» TASK INSTRUCTIONS
Only a slice of the listing below is wanted. Retype the lines from the one containing "Men's trekking sweatshirt" through the one containing "naivotech logo image", exactly, both ends included.
□ □ □ □ □
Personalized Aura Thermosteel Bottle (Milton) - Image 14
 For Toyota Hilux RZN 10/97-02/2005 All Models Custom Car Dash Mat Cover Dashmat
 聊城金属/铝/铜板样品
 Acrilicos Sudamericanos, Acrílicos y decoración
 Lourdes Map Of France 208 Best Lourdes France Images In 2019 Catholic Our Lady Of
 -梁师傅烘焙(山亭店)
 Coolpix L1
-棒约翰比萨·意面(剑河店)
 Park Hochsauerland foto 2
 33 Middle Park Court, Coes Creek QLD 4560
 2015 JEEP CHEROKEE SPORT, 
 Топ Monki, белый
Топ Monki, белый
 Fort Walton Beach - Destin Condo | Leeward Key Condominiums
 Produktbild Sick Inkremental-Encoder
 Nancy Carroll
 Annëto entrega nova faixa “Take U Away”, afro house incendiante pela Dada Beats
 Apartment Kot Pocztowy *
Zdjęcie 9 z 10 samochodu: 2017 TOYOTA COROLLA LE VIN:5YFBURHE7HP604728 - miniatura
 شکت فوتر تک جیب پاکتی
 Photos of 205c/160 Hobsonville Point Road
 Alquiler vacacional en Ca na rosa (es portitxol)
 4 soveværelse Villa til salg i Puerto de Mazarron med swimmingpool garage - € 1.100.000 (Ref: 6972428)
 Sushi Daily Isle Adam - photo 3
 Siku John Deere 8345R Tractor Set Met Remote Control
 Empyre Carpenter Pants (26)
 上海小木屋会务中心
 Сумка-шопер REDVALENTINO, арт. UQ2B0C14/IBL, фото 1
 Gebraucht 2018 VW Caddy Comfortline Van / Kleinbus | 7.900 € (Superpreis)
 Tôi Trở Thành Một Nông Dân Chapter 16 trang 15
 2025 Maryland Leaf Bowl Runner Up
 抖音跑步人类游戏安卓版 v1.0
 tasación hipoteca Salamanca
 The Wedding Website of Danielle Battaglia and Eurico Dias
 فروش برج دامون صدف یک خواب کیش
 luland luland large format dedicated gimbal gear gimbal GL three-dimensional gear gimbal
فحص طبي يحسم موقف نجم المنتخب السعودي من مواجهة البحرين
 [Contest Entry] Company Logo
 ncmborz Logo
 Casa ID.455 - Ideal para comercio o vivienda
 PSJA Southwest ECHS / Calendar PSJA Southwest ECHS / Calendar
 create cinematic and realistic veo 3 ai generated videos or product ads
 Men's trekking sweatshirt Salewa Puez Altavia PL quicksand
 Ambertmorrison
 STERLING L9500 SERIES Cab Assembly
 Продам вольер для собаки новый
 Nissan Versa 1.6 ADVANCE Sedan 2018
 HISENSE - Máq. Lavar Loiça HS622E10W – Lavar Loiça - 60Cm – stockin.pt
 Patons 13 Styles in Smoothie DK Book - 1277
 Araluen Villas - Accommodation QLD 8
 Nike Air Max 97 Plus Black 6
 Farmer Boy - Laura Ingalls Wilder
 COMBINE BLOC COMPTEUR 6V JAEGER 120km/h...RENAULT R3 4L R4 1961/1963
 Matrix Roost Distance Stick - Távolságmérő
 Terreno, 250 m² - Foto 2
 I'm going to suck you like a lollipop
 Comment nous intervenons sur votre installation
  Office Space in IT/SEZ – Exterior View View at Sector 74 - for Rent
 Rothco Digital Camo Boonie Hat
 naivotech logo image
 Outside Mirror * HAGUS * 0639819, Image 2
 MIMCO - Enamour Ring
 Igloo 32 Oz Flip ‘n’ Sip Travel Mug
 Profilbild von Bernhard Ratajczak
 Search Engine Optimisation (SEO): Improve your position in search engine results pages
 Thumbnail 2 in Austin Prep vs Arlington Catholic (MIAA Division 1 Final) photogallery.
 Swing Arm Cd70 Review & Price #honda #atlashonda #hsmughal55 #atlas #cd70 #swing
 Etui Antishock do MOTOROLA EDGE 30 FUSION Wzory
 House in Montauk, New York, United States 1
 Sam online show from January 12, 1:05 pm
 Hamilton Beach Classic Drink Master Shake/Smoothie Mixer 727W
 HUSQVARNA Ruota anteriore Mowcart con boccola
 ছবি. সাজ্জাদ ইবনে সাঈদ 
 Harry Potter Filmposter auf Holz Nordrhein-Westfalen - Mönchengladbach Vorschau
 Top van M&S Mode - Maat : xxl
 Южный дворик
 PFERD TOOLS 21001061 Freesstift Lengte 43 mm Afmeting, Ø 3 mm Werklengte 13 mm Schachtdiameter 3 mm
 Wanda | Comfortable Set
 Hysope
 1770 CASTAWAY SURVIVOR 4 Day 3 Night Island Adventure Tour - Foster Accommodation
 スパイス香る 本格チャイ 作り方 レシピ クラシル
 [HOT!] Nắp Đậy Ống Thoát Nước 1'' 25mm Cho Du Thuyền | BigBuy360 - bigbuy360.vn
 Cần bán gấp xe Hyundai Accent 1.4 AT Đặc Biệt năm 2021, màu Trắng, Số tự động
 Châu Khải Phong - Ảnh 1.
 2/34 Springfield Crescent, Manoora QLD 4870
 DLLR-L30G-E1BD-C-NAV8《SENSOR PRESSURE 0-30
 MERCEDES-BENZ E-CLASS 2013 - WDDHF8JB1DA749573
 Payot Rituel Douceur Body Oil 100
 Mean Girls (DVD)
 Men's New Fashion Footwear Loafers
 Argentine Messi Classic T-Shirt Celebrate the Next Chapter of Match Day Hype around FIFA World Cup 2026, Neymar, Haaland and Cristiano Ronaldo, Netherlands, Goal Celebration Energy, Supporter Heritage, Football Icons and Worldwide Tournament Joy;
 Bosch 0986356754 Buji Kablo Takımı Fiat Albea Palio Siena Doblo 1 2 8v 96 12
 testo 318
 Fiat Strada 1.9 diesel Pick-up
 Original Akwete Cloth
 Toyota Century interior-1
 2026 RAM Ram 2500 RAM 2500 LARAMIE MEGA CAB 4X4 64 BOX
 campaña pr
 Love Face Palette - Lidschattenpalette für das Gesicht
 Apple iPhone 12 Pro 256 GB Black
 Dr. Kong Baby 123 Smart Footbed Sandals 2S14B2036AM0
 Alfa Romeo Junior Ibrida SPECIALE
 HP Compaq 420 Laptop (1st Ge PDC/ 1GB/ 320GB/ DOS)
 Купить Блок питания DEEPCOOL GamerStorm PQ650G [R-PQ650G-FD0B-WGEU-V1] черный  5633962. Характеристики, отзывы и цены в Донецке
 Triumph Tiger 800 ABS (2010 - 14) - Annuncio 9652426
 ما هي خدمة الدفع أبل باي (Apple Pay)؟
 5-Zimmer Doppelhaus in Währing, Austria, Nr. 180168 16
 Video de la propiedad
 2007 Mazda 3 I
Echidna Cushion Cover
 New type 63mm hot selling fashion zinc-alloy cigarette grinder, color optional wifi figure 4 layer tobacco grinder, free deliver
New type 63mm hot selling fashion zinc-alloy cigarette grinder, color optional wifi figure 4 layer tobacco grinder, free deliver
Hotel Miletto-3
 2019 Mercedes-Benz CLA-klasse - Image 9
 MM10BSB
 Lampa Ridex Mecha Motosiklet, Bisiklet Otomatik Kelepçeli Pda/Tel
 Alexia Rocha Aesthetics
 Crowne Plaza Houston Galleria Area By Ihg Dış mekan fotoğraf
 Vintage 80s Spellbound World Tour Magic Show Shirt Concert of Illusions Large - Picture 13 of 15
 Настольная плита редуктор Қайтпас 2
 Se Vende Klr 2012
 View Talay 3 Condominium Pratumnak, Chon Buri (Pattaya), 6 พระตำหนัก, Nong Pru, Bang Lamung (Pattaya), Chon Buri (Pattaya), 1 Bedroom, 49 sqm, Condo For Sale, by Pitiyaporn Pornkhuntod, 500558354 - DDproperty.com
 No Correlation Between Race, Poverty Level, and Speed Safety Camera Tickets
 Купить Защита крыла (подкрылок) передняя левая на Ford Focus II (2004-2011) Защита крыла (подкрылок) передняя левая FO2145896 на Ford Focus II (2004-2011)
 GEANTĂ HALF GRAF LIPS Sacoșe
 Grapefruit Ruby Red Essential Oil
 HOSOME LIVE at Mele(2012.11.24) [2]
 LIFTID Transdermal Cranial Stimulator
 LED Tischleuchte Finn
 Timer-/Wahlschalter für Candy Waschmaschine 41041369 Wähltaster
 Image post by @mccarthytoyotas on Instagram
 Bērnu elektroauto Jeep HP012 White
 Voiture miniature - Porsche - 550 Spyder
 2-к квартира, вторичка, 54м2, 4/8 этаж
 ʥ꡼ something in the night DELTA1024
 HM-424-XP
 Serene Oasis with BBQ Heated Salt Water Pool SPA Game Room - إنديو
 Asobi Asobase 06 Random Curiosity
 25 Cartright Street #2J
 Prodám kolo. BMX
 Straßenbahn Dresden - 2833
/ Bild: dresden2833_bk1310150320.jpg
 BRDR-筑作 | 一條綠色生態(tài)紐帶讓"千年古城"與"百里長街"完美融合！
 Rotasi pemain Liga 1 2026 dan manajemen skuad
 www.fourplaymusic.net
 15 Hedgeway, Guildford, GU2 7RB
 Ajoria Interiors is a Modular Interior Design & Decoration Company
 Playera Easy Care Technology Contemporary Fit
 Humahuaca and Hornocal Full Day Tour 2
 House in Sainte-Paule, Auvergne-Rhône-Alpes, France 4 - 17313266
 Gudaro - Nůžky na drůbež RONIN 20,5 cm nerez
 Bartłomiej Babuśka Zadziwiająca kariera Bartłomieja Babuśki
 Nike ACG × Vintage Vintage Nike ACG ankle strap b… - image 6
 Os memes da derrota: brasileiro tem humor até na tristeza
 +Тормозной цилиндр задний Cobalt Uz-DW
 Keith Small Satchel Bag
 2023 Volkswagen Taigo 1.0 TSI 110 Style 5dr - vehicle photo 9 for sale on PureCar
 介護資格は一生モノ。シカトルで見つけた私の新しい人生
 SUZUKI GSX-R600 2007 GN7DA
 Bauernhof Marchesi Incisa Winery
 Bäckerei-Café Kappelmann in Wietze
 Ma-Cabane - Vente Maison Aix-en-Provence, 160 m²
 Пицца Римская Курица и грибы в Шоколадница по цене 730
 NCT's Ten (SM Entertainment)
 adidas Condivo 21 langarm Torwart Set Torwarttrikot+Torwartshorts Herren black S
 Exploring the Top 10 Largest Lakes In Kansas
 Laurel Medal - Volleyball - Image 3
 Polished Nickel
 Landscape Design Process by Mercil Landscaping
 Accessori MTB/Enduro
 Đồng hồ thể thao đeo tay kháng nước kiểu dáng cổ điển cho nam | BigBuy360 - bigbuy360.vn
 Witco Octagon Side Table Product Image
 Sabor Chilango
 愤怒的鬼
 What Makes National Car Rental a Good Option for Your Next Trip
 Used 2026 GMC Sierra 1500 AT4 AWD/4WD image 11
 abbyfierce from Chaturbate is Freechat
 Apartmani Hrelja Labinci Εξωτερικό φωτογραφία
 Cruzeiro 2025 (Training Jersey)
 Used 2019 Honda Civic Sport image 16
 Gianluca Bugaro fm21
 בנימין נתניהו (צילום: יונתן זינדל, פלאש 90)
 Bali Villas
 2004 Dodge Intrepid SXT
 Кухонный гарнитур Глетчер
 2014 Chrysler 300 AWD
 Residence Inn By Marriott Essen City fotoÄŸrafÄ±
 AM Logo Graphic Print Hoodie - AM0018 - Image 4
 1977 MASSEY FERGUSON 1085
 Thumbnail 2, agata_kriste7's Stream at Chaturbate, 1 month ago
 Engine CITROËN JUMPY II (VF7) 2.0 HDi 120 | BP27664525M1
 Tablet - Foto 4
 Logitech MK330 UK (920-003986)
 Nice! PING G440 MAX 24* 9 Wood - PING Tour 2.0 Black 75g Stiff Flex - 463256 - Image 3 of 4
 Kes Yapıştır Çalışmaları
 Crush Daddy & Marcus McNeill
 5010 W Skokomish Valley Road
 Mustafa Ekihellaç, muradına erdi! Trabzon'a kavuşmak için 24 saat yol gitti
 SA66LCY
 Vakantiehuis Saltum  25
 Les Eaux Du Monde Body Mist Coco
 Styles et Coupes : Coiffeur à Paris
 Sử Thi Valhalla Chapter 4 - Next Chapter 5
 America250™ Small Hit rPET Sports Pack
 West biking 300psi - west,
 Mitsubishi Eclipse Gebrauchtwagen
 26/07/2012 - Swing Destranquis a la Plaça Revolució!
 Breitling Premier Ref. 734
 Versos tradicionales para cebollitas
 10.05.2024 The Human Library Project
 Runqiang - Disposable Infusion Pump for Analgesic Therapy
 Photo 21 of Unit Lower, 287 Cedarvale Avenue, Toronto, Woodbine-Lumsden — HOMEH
□ □ □ □ □
» ANSWER FOR THIS EXERCISE
 Men's trekking sweatshirt Salewa Puez Altavia PL quicksand
 Ambertmorrison
 STERLING L9500 SERIES Cab Assembly
 Продам вольер для собаки новый
 Nissan Versa 1.6 ADVANCE Sedan 2018
 HISENSE - Máq. Lavar Loiça HS622E10W – Lavar Loiça - 60Cm – stockin.pt
 Patons 13 Styles in Smoothie DK Book - 1277
 Araluen Villas - Accommodation QLD 8
 Nike Air Max 97 Plus Black 6
 Farmer Boy - Laura Ingalls Wilder
 COMBINE BLOC COMPTEUR 6V JAEGER 120km/h...RENAULT R3 4L R4 1961/1963
 Matrix Roost Distance Stick - Távolságmérő
 Terreno, 250 m² - Foto 2
 I'm going to suck you like a lollipop
 Comment nous intervenons sur votre installation
  Office Space in IT/SEZ – Exterior View View at Sector 74 - for Rent
 Rothco Digital Camo Boonie Hat
 naivotech logo image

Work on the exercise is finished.